Since $f$ and $g$ have the same value and both satisfy conservation away from $s,t$, we have
\begin{align*}
\operatorname{div} r(v)=0
\end{align*}
for every $v\in V$. If $r(a)>0$, then $g(a)\le u(a)$ implies
\begin{align*}
0<r(a)\le u(a)-f(a),
\end{align*}
so the forward residual arc of $a$ exists with enough residual capacity. If $r(a)<0$, then $g(a)\ge 0$ implies
\begin{align*}
0<-r(a)\le f(a),
\end{align*}
so the backward residual arc of $a$ exists with enough residual capacity.
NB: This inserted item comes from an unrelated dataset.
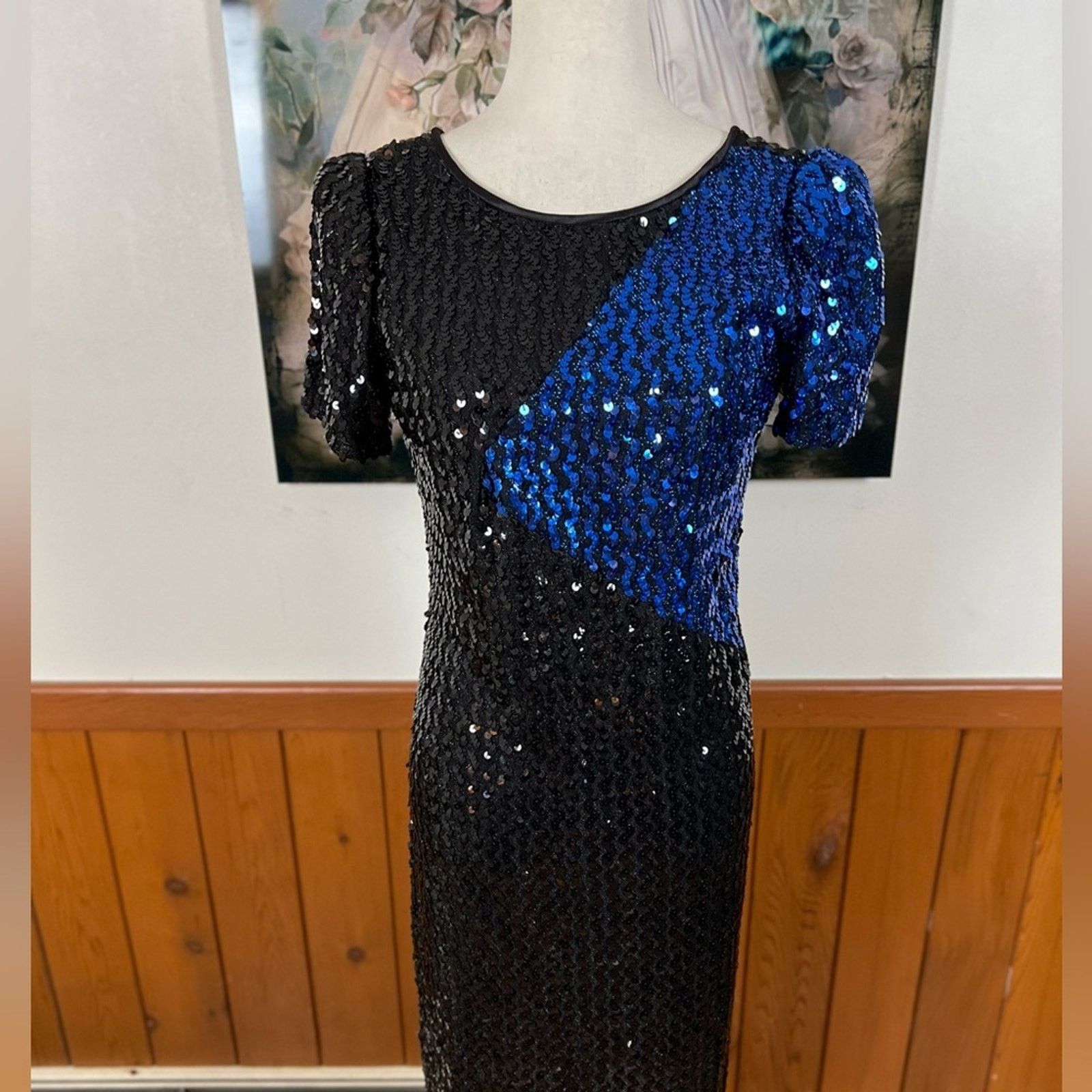 Vintage Fabulous Vintage 1980s Norman Berg Sequin Dress! Size L / US 10 / IT 46 - 3 Thumbnail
Thus $r$ determines a nonnegative circulation in the residual network: send amount $r(a)$ on the forward residual arc of $a$ when $r(a)>0$, and amount $-r(a)$ on the backward residual arc of $a$ when $r(a)<0$. We now justify the cycle decomposition used here. If the residual circulation determined by $r$ is zero, take $m=0$. Otherwise choose a residual arc carrying positive amount and follow outgoing residual arcs of positive amount. At every visited vertex, conservation of the residual circulation implies that positive incoming amount is balanced by positive outgoing amount, so the walk can continue. Since the residual network is finite, some vertex repeats; the segment between the two visits is a directed residual cycle. Let $\alpha>0$ be the minimum carried amount on the arcs of that cycle, subtract $\alpha$ times the cycle circulation, and repeat. Each subtraction removes at least one positive residual arc and never creates a negative amount, so the process terminates after finitely many repetitions. Hence there are directed residual cycles $\Gamma_1,\dots,\Gamma_m$ and numbers $\alpha_1,\dots,\alpha_m>0$ such that the residual circulation determined by $r$ is their weighted sum.
[/step]
[step:Use absence of negative residual cycles to compare costs]
For each cycle $\Gamma_i$, let $c_f(\Gamma_i)$ denote its residual cost. Since $f$ is terminal, the residual network has no negative-cost directed cycle, so
\begin{align*}
c_f(\Gamma_i)\ge 0
\end{align*}
for every $i\in\{1,\dots,m\}$. The cost difference between $g$ and $f$ is the residual cost of the circulation determined by $r$. By the definition of $r$, this first gives
\begin{align*}
\operatorname{cost}(g)-\operatorname{cost}(f)=\sum_{a\in A} c(a)(g(a)-f(a)).
\end{align*}
Using the cycle decomposition of the residual circulation, the same quantity is
\begin{align*}
\operatorname{cost}(g)-\operatorname{cost}(f)=\sum_{i=1}^m \alpha_i c_f(\Gamma_i).
\end{align*}
Since every coefficient $\alpha_i$ is positive and every residual cycle cost satisfies $c_f(\Gamma_i)\ge 0$, we obtain
\begin{align*}
\operatorname{cost}(g)-\operatorname{cost}(f)\ge 0.
\end{align*}
Therefore $\operatorname{cost}(f)\le \operatorname{cost}(g)$ for every feasible $s$-$t$ flow $g$ of value $b$. Hence the terminal flow $f$ is a minimum-cost feasible $s$-$t$ flow of value $b$.
[/step]